Among the entries below, one line contains "Photo 6 of 241" and another contains "Toyota Highlander 2025 — ფოტო 28/35". Transcribe those two lines and every line between them, exactly.

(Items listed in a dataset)

--- START ---

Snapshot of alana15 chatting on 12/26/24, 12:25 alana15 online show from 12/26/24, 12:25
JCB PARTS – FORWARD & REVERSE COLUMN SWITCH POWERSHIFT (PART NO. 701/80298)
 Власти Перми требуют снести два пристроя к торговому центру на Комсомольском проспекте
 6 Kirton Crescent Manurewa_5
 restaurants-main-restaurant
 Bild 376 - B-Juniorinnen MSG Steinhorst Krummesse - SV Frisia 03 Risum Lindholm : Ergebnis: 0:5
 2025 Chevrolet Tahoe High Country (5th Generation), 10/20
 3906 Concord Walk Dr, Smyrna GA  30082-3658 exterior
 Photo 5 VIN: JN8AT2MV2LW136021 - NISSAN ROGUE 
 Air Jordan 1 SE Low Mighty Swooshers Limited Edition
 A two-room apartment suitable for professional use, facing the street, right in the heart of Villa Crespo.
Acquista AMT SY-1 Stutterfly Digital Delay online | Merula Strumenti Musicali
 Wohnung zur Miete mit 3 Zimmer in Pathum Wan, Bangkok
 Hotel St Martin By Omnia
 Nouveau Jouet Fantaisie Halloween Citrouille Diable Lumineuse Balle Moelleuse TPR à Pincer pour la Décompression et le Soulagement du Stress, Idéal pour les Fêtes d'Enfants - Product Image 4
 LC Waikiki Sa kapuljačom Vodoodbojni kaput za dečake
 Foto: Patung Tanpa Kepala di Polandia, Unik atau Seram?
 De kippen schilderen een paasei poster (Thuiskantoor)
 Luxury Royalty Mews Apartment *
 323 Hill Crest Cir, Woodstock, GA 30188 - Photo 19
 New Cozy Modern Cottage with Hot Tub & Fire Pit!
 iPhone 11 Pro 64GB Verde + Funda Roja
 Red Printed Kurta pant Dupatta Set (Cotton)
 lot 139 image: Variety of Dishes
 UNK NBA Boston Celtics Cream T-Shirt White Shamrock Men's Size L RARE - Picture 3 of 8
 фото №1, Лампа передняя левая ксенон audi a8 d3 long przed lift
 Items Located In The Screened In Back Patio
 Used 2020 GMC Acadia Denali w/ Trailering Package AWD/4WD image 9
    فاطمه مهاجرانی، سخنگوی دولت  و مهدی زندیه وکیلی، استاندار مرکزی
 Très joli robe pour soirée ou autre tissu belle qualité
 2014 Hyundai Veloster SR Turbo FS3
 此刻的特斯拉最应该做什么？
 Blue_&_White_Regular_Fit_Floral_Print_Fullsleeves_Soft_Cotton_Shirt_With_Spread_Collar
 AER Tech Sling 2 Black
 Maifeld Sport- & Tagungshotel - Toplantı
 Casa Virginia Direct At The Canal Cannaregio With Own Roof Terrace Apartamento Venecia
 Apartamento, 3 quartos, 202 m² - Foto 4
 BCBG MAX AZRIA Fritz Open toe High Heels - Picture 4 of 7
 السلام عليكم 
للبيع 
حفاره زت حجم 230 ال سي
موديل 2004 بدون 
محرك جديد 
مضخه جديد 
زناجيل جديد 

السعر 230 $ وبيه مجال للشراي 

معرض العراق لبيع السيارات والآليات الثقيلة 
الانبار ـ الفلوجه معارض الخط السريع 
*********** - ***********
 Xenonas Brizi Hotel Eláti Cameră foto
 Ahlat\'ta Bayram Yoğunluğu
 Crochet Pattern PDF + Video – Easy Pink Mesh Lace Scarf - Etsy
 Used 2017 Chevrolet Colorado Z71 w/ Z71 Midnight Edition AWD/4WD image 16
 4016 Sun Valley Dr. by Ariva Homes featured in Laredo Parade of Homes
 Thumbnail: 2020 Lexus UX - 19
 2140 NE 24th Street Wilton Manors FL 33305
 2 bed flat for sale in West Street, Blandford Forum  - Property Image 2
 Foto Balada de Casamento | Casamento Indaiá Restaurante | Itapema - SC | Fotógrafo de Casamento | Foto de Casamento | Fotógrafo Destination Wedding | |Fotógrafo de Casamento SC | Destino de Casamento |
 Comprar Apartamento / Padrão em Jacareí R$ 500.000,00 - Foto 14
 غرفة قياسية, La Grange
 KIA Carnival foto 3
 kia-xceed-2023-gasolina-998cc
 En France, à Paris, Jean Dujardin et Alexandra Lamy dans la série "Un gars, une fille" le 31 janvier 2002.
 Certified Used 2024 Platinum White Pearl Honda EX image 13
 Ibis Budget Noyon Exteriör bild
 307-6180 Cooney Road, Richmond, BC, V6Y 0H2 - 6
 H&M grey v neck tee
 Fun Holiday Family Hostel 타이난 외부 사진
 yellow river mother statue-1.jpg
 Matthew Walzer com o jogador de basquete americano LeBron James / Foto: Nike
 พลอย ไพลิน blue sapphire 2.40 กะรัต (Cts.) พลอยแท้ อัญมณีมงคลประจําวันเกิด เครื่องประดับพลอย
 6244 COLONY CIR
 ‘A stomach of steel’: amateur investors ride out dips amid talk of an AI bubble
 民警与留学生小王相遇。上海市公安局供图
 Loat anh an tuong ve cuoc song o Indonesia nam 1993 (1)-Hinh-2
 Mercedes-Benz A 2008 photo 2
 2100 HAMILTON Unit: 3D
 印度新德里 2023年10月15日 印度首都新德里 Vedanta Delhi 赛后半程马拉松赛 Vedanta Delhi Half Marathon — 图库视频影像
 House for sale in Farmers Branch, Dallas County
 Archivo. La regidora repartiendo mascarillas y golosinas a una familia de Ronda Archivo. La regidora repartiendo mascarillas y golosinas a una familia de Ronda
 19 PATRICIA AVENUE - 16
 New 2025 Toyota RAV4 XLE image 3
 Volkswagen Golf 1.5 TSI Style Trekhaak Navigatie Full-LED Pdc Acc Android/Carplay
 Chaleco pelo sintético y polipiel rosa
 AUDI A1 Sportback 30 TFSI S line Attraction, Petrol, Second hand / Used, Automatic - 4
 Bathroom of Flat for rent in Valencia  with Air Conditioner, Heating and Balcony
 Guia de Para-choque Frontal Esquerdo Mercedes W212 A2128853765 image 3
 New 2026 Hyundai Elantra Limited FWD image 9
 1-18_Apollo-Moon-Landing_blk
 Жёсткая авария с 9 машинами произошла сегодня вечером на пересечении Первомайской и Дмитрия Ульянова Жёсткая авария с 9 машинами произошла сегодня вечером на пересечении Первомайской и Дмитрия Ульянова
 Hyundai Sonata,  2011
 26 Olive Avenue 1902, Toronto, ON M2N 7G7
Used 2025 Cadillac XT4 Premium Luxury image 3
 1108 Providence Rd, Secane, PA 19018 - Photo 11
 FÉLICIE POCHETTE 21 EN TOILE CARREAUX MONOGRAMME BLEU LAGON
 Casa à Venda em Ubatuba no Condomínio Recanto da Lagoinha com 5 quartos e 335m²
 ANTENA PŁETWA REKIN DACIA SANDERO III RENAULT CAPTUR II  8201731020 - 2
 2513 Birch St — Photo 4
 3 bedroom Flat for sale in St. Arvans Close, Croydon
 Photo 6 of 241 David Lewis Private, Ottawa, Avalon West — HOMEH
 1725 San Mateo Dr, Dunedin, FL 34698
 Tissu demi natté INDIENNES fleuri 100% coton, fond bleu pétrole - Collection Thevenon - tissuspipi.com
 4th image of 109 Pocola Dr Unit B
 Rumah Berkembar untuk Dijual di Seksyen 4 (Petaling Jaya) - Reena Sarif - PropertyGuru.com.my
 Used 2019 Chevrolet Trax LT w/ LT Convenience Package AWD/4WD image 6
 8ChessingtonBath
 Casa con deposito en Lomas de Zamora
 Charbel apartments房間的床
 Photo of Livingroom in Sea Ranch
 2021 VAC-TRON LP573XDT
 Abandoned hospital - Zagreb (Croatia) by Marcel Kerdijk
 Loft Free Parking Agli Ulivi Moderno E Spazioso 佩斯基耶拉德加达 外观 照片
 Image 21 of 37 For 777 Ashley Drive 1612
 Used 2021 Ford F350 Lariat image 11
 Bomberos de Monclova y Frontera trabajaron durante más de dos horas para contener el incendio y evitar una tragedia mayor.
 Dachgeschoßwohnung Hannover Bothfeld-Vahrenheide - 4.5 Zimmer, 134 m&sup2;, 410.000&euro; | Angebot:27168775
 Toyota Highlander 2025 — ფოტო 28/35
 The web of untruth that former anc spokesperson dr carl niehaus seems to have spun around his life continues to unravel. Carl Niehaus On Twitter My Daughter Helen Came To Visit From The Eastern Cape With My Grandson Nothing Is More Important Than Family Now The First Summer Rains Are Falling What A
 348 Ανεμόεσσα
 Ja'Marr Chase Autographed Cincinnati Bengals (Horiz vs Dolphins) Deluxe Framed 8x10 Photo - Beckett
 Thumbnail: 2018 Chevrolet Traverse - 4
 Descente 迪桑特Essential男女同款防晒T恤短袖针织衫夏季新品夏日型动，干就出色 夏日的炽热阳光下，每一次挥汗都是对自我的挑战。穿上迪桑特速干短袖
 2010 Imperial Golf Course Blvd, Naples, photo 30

--- END ---

# Task solution:
 Photo 6 of 241 David Lewis Private, Ottawa, Avalon West — HOMEH
 1725 San Mateo Dr, Dunedin, FL 34698
 Tissu demi natté INDIENNES fleuri 100% coton, fond bleu pétrole - Collection Thevenon - tissuspipi.com
 4th image of 109 Pocola Dr Unit B
 Rumah Berkembar untuk Dijual di Seksyen 4 (Petaling Jaya) - Reena Sarif - PropertyGuru.com.my
 Used 2019 Chevrolet Trax LT w/ LT Convenience Package AWD/4WD image 6
 8ChessingtonBath
 Casa con deposito en Lomas de Zamora
 Charbel apartments房間的床
 Photo of Livingroom in Sea Ranch
 2021 VAC-TRON LP573XDT
 Abandoned hospital - Zagreb (Croatia) by Marcel Kerdijk
 Loft Free Parking Agli Ulivi Moderno E Spazioso 佩斯基耶拉德加达 外观 照片
 Image 21 of 37 For 777 Ashley Drive 1612
 Used 2021 Ford F350 Lariat image 11
 Bomberos de Monclova y Frontera trabajaron durante más de dos horas para contener el incendio y evitar una tragedia mayor.
 Dachgeschoßwohnung Hannover Bothfeld-Vahrenheide - 4.5 Zimmer, 134 m&sup2;, 410.000&euro; | Angebot:27168775
 Toyota Highlander 2025 — ფოტო 28/35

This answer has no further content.